On the other side of the balance, the court believes that Lake Shore Limited's likelihood of prevailing on the document issue is minimal. However, if the document portion of the order is not stayed, it may cause this part of the appeal to become moot. See San Diegans For Mt. Soledad Nat. War Memorial v. Paulson, - U.S. -, 126 S.Ct. 2856, 2857 (2006) (Justice Kennedy, as Circuit Justice) (any harm in brief delay pending the Court of Appeals' expedited consideration of the case was slight compared to the irreparable harm arising from denial of a stay pending appeal because denial of a stay would cause the appeal to become moot).
The court finds, in the exercise of its discretion, that staying the document portion of its order is inappropriate. In reaching this decision, the court has balanced Lake Shore Limited's likelihood of success on the merits of its claims about the documents, Mr. Baker's sudden flight, along with Lake Shore's computers and documents, the need for prompt action due to the exigent circumstances surrounding Lake Shore's documents and computers, and the public and investors' interest in exposing the full extent of Lake Shore's activities. Because denial of Lake Shore Limited's request for a stay pending appeal leaves its documents subject to immediate inspection, the court enters an interim stay of the document portion of its order to maintain the status quo while the Seventh Circuit reviews Lake Shore Limited's renewed emergency motion for a stay pending appeal. If Lake Shore Limited fails to file such a motion with the Seventh Circuit by 12:00 noon on August 31, 2007, this court's interim stay will dissolve.
The last portion of the court's order enjoins Lake Shore Limited from destroying records or violating the Commodity Exchange Act. Lake Shore Limited has not offered any reason why this part of the order needs to be stayed pending appeal. In light of recent developments, this part of the court's order appears to be exceptionally apt. Accordingly, this portion of the order will remain in effect.
Lake Shore Limited's emergency motion for a stay pending appeal of the court's August 28, 2007, preliminary injunction order [#119] is granted in part and denied in part. Specifically, the court enters an interim stay of the document portion of its order to maintain the status quo while the Seventh Circuit reviews Lake Shore Limited's renewed emergency motion for a stay pending appeal.

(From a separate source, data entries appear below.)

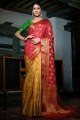Maroon South Indian Saree with Weaving Art silk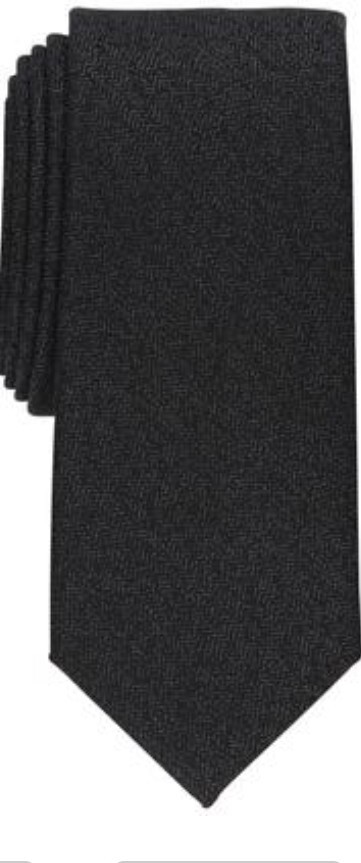 Alfani Men’s Necktie Slim Herringbone Black Tie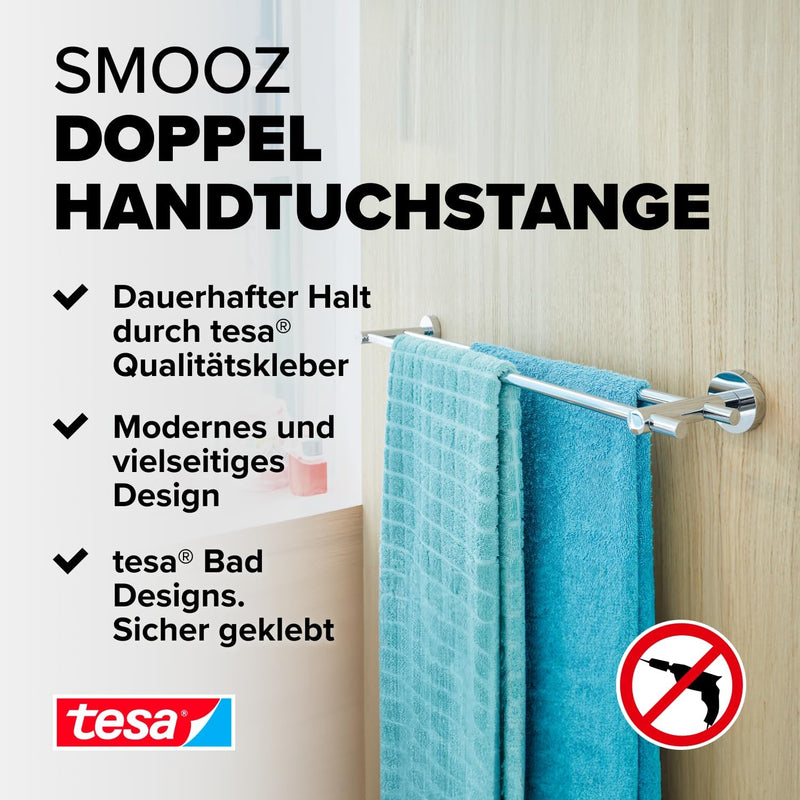 tesa SMOOZ Doppel-Handtuchstange, verchromt - Badetuchhalter mit 2 Stangen - zur Wandbefestigung ohn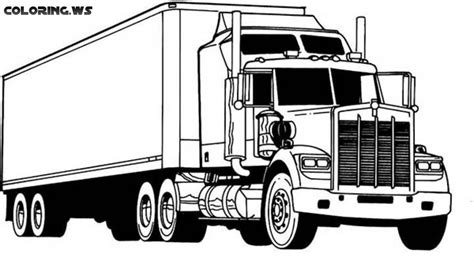 18 Wheeler Truck Coloring Pages Clip Art Library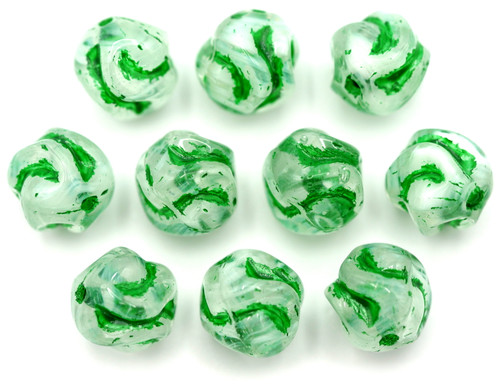 10pc 8mm Czech Pressed Glass Swirled Ripple Round Beads, Crystal/White Swirl/Green Wash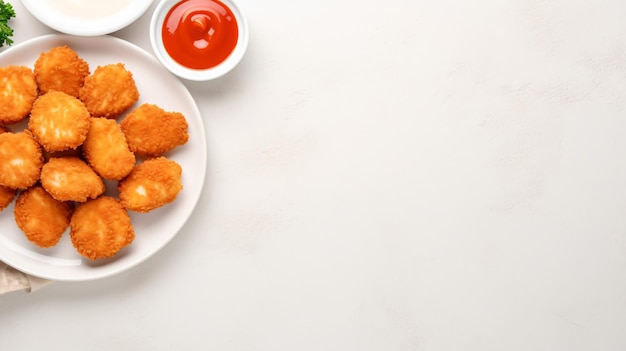 Nuggets de frango com molho de ketchup na mesa branca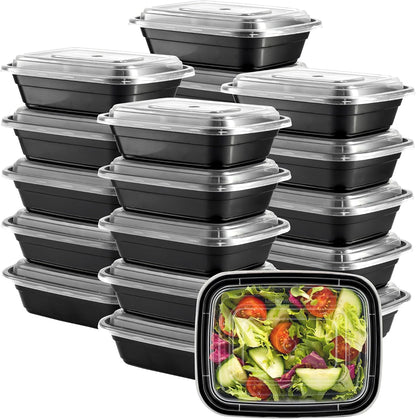 [24 Oz -50 Count 1 Compartment Meal Prep Containers Reusable - Microwaveable, Dishwasher and Freezer Safe, Bpa-Free, Portion Control and Convenience Food Storage with Lids, Stackable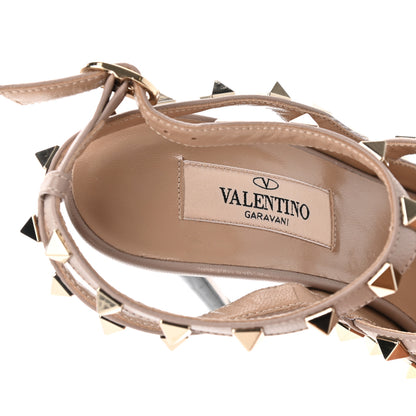 Valentino Garavani Patent Nappa Rockstud Ankle Strap 100mm Pumps 36 Black Poudre 7 of 8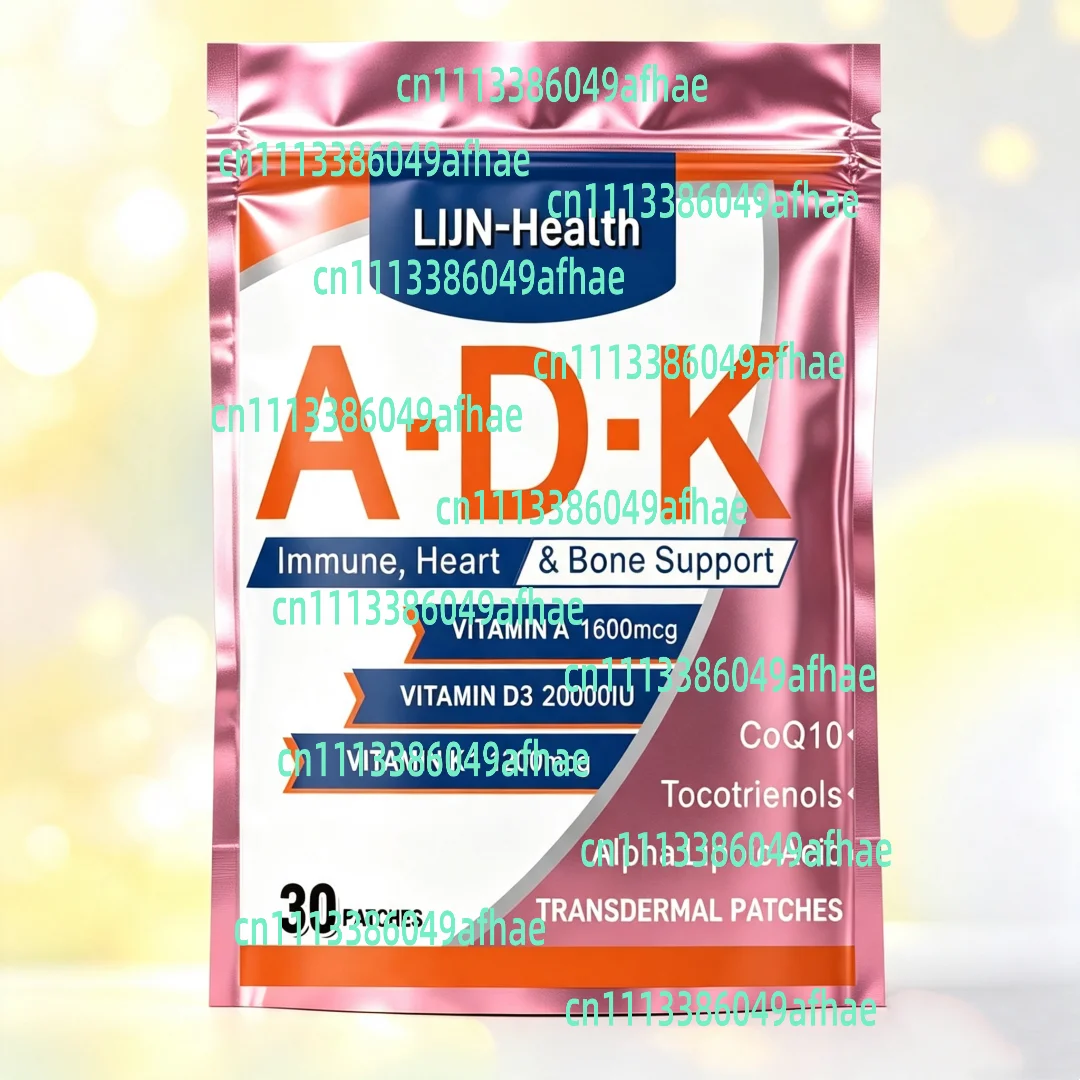 30 Patches Vitamins A, D3 And K1 Transdermal Patches For Heart, Bone And Immune Support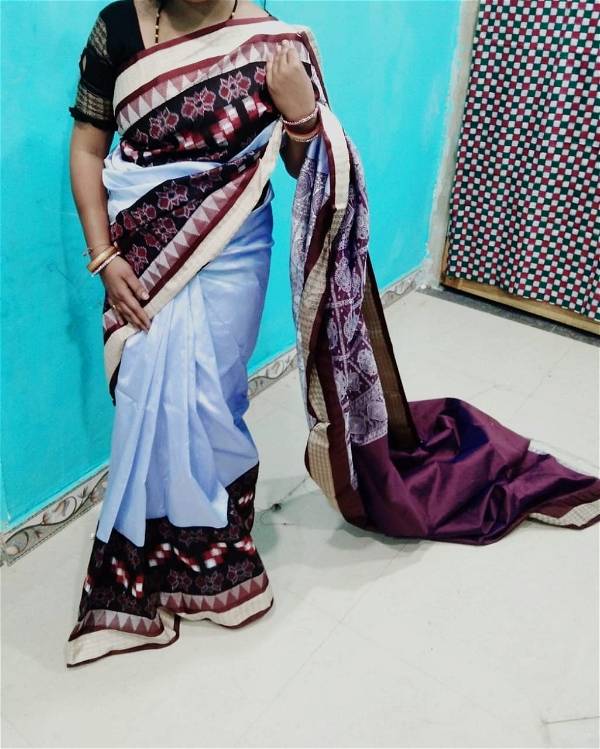 100815 Silk Pata With SAMBALPURI Patchwork Saree
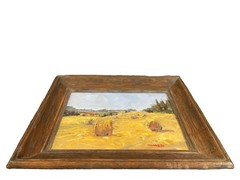 VINTAGE Cascina Campagna MODERN ABSTRACT ITALY HAY STACK ORIGINAL PAINTING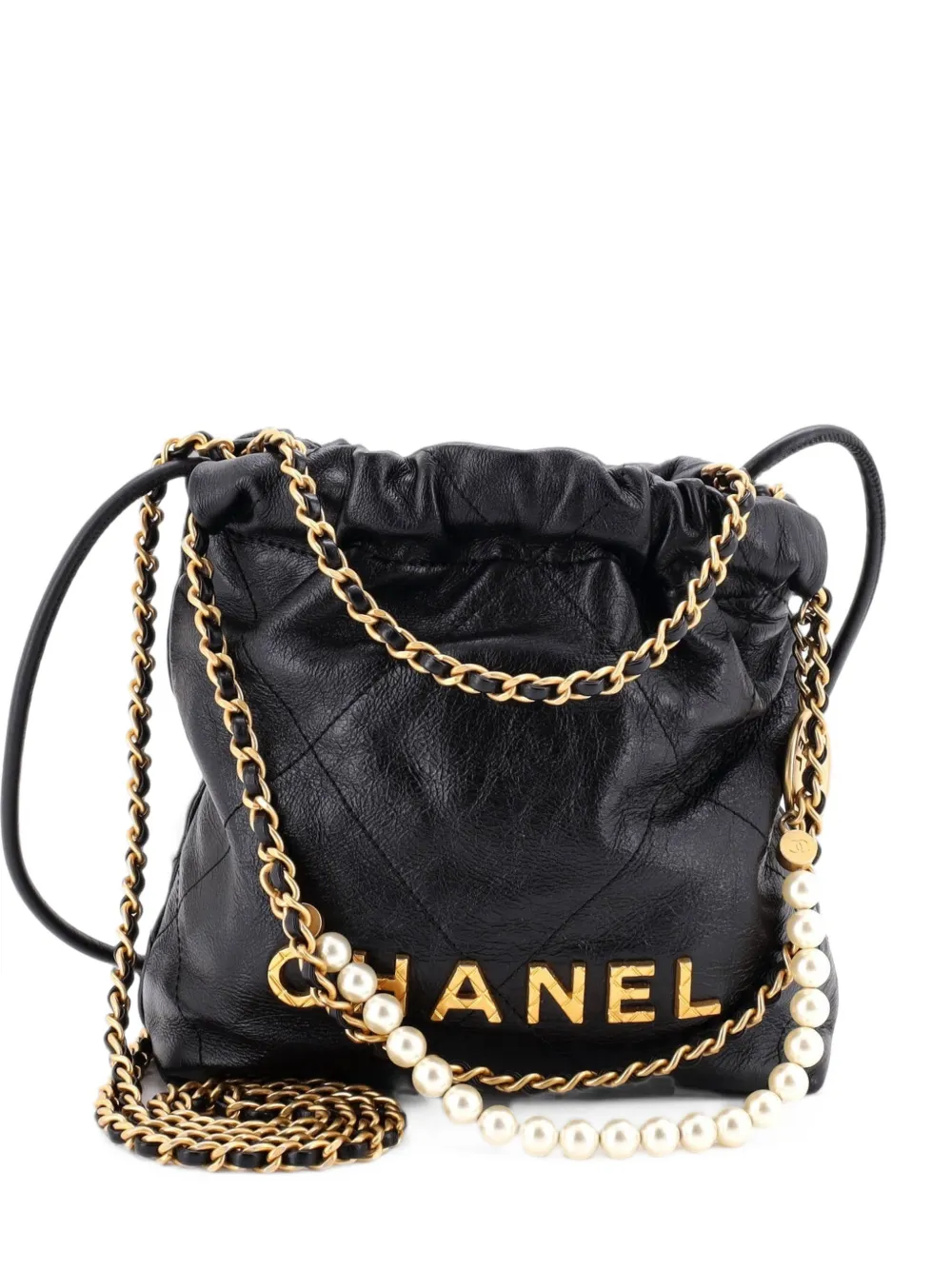 CHANEL Pre-Owned 22 Chain Hobo Quilted Calfskin with Pearl Chain Mini crossbody bag - Schwarz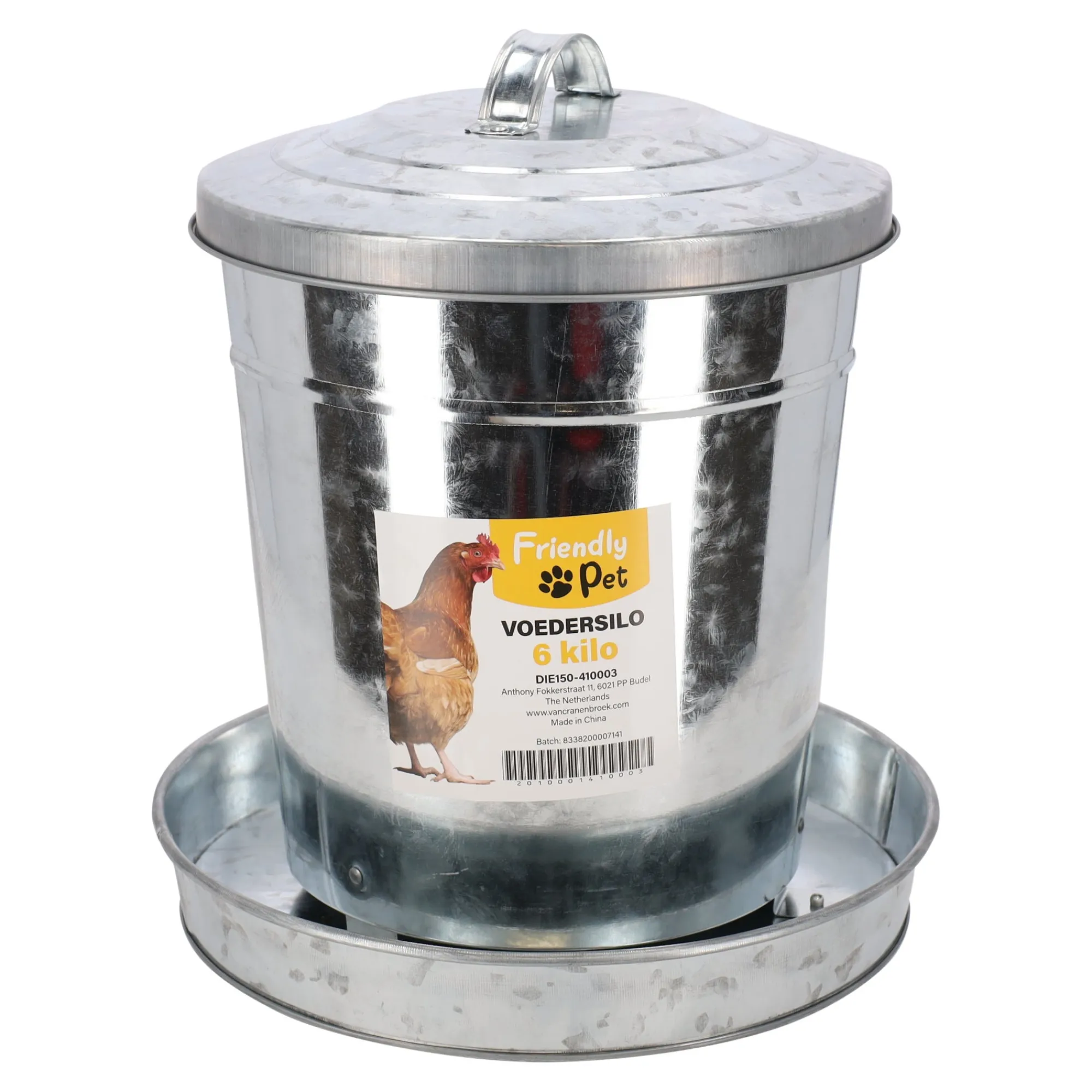 Friendly Pet Kip>Voedersilo metaal 6 kg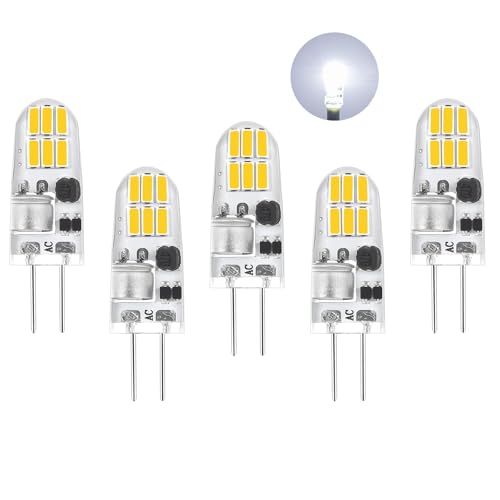 Lot de 5 ampoules LED G4 12 V AC/DC blanc froid 6000 K 160 lm Ampoule LED G4 Pas de scintillement 1,5 W Remplace les ampoules halogènes 15 W Petites lampes...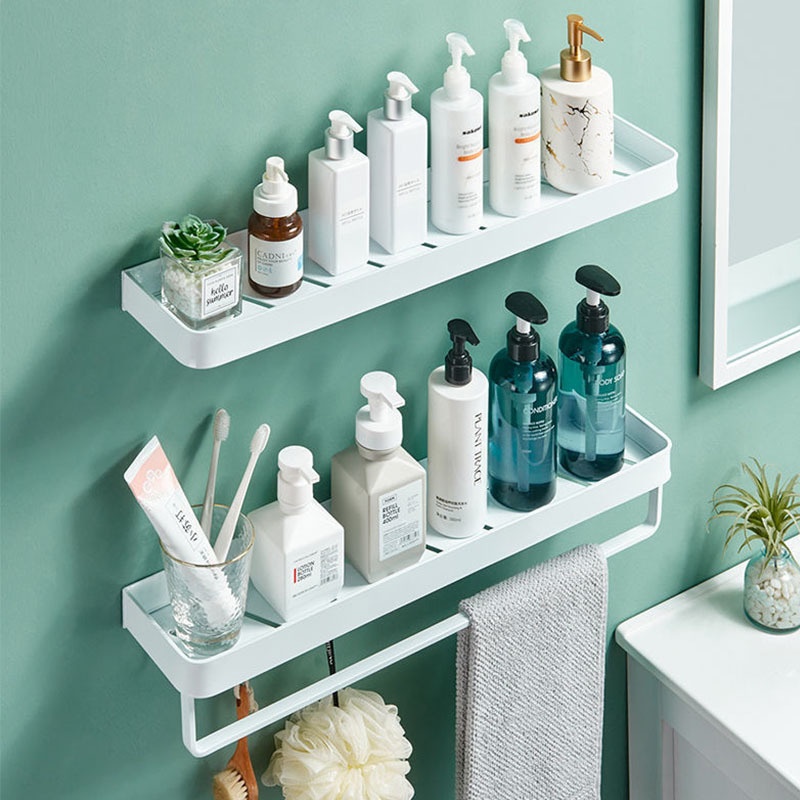 免打孔壁挂式浴室毛巾置物架卫生间洗漱台化妆用品白色沥水收纳架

If Lake Shore Limited fails to file such a motion by 12:00 noon on August 31, 2007, the interim stay will dissolve. The court does not believe that staying the rest of the order is warranted, and even if the court were to stay the asset freeze, it would not help Lake Shore Limited because of the continued existence of the NFA asset freeze. Thus, Lake Shore Limited's request to stay the remaining portions of the court's order pending appeal is denied.